Task directions — Exactly the lines below, starting with the one containing "월드콘 이렇게 나오던 시절에 살아계셨던 분들?" and going on through the one containing "British Shorthair Red", must be reproduced, both ends included, and no pictures with them.

(Information supplied)

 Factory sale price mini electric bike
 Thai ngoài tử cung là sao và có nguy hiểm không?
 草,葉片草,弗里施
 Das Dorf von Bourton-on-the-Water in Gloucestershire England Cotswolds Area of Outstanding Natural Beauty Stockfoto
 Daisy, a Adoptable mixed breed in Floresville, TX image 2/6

(End Information supplied)
(Information supplied)

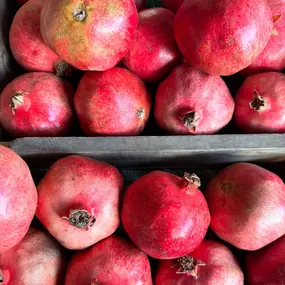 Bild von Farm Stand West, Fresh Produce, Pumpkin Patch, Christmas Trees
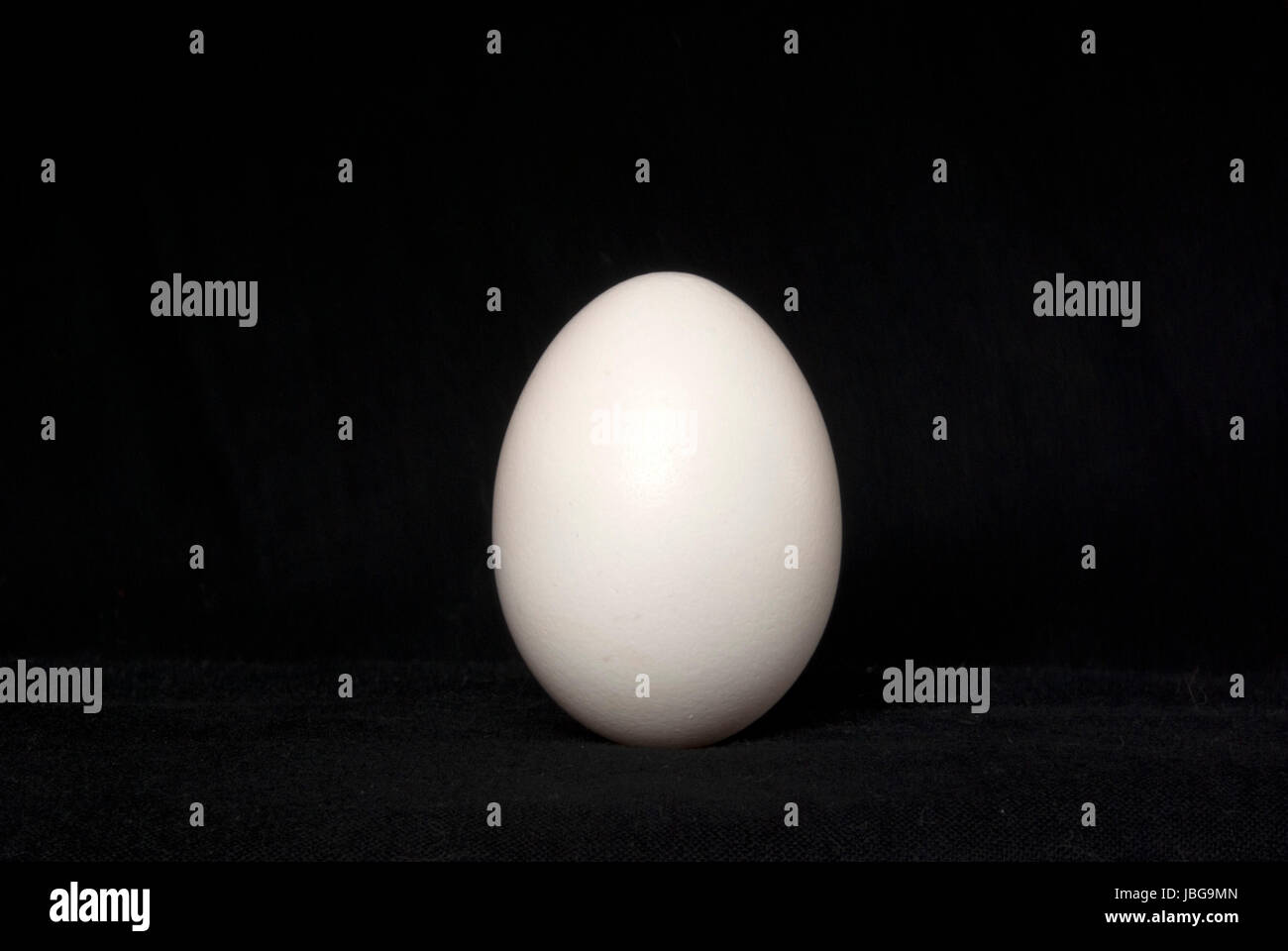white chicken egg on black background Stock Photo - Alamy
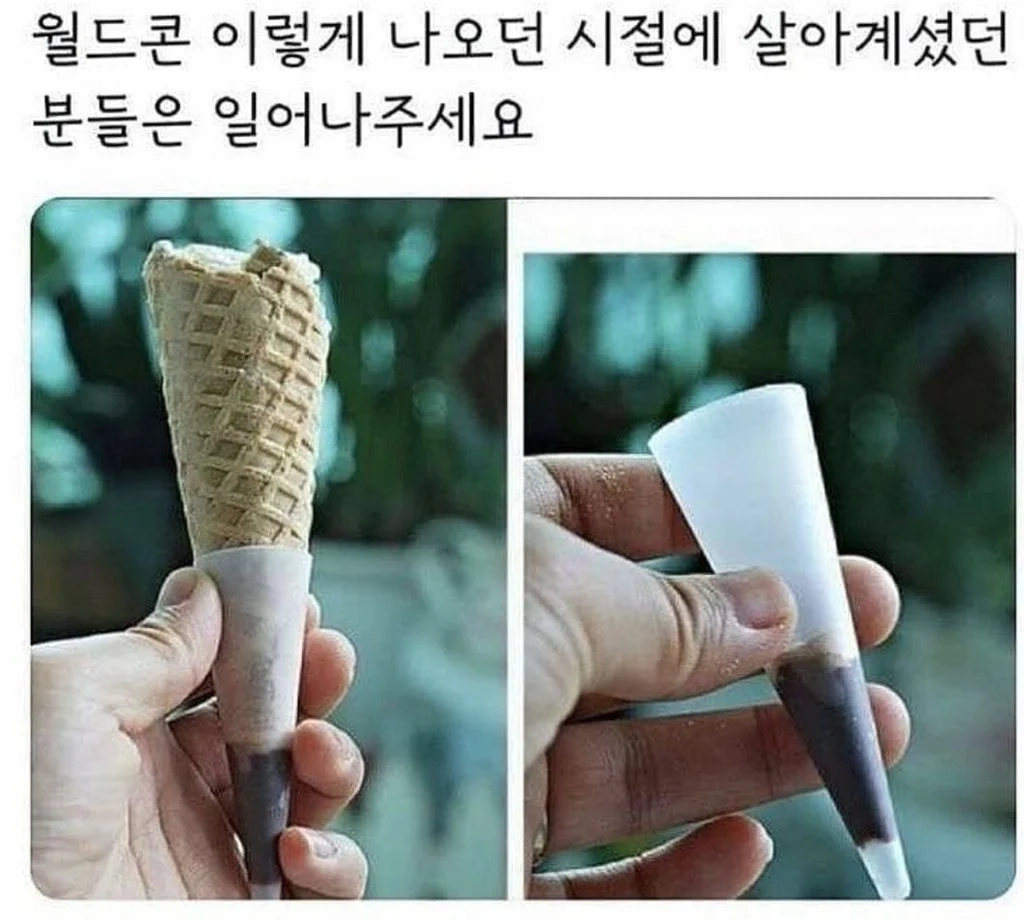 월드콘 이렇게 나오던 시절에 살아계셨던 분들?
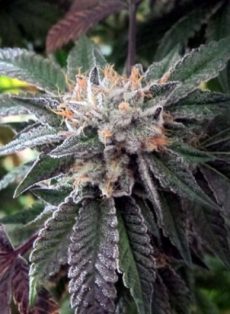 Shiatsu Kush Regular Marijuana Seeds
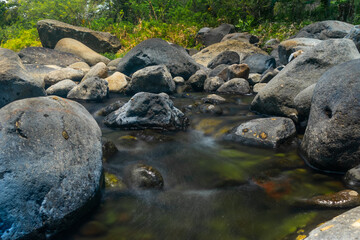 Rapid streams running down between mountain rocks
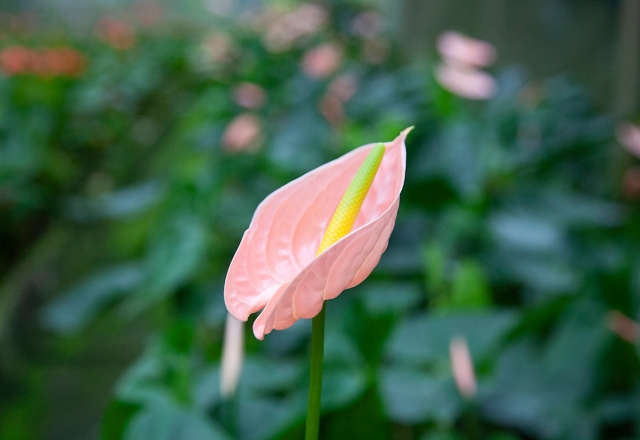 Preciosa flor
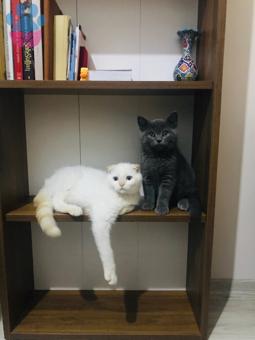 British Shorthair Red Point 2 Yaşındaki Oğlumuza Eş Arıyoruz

(End Information supplied)
(Information supplied)

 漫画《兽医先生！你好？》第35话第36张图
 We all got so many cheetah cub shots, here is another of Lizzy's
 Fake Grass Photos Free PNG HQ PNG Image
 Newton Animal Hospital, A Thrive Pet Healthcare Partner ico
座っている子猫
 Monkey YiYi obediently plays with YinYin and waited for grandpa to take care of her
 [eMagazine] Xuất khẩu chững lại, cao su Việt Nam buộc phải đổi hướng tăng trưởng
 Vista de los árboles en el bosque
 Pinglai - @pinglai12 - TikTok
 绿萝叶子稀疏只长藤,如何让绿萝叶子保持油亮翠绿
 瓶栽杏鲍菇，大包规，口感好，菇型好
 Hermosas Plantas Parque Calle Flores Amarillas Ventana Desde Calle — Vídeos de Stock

(End Information supplied)

Exercise output —
 월드콘 이렇게 나오던 시절에 살아계셨던 분들?
 Shiatsu Kush Regular Marijuana Seeds
 Rapid streams running down between mountain rocks
 Preciosa flor
 British Shorthair Red Point 2 Yaşındaki Oğlumuza Eş Arıyoruz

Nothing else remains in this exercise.